Rescuer dies during dive in flooded Tham Luang cave
published : 6 Jul 2018 at 11:45
updated: 6 Jul 2018 at 17:32
writer: Online Reporters
A former Navy seal taking part in the rescue of 12 young footballers and their coach trapped in Tham Luang cave in Chiang Rai passed out during a dive and died early on Friday morning.
Naval Special Warfare Command chief Apakorn Yukongkaew said Petty Officer 1st class Saman Gunan, 37, who was a security officer at Suvarnabhumi airport, lost consciousness as he was returning used air tanks to Chamber 3 about 1am.
His diving buddy tried to help, but in vain.
Rr Adm Apakorn stressed that the former Seal's tragic death will not undermine the effort to rescue the boys.
He said His Majesty the King had given instructions that Petty Officer 1st Class Saman be given dignified funeral rites.

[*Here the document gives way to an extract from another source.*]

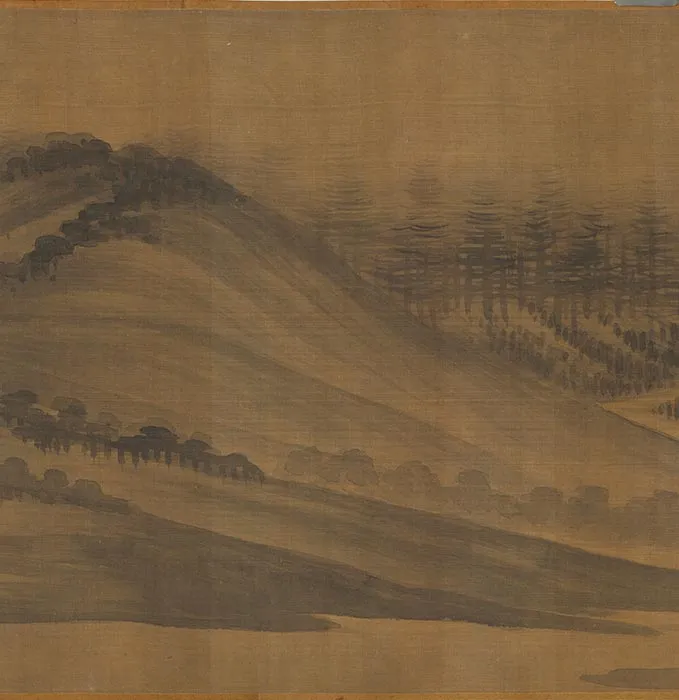 传宋高凤画山水卷_10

Chiang Rai deputy governor Passakorn Boonyaluck also said the King expressed his condolences over the loss of Petty Officer Saman. A royal bathing rite will be held at Sattahip Naval Base in Chon Buri on Friday evening.

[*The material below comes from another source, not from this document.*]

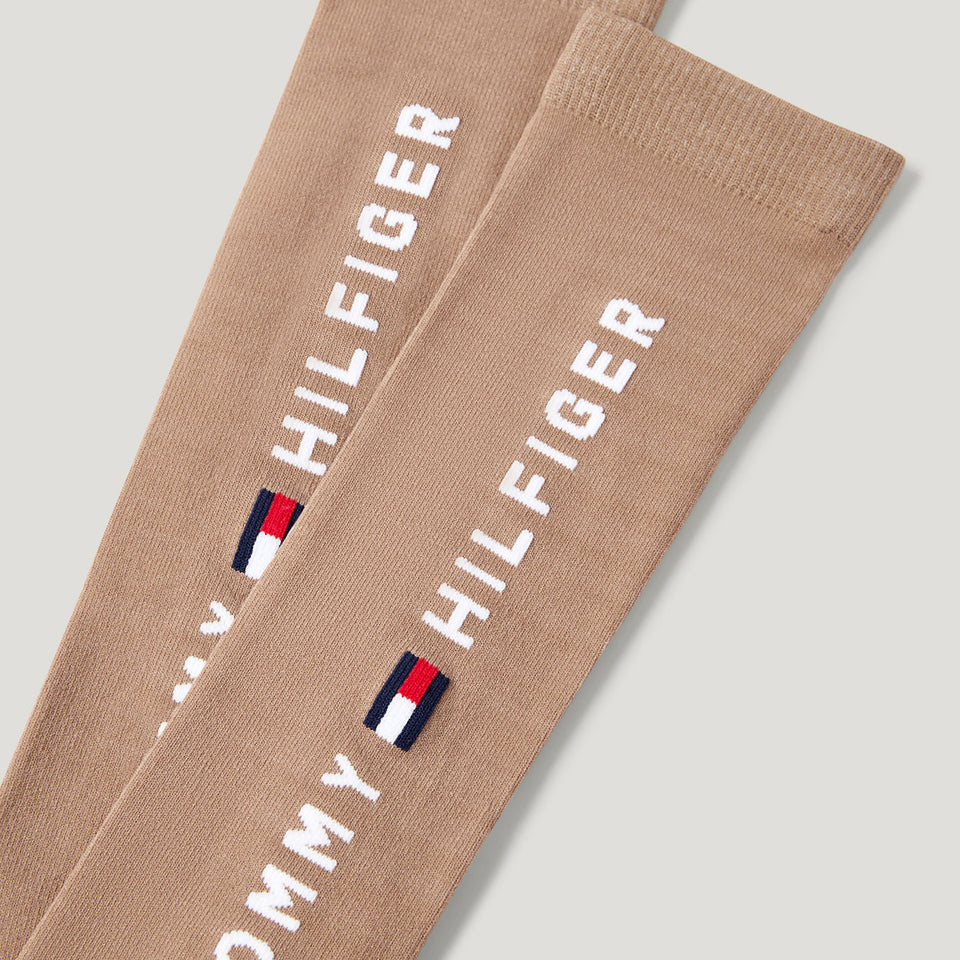 Tommy Hilfiger Clifton Riding Socks - Taupe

The King also gave instructions to that the dead diver's children be well taken care of.
The death underlines the intense risks of the mission to rescue the young footballers, but the Seal commander insisted the rescue will continue nonstop until it is complete.

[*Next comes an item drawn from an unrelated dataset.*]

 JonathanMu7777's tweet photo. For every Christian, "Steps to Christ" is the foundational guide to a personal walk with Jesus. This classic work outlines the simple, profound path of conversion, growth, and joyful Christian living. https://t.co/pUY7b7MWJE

The rescue teams are now pumping oxygen into the underground chamber where they have been trapped for nearly two weeks as officials warned it is still too dangerous to extract the young team through flooded caverns.
The oxygen issue has raised new fears about the safety of the boys if they cannot be extracted from the caves before predicted monsoon rains this Sunday which authorities fear could re-fill the cave and reverse gains made in the mammoth rescue effort in recent days. (continues below)
Narongsak Osoththanakorn, the commander of rescue operation, said the large number of rescue workers now in the cave had lowered oxygen levels and workers were feeding a 5km cable to where the boys have been sheltering to pump fresh air into the cavern.
Pumping continued overnight to drain water from a still-flooded section of the cave where the boys remain trapped in the hope it will recede enough to allow rescuers to float the boys out, rather than have to shepherd them through dark, narrow passages in murky water.
So far, more than 130 million litres of water have been pumped out of the cave at a rate of 180,000 litres an hour, but rescuers are still struggling to plug every water source that flows into the cave and water levels beyond the fork of the cave where the boys are trapped has been agonisingly slow to drop.
Mr Narongsak told reporters overnight that it was still too dangerous to try and shepherd the boys out underwater.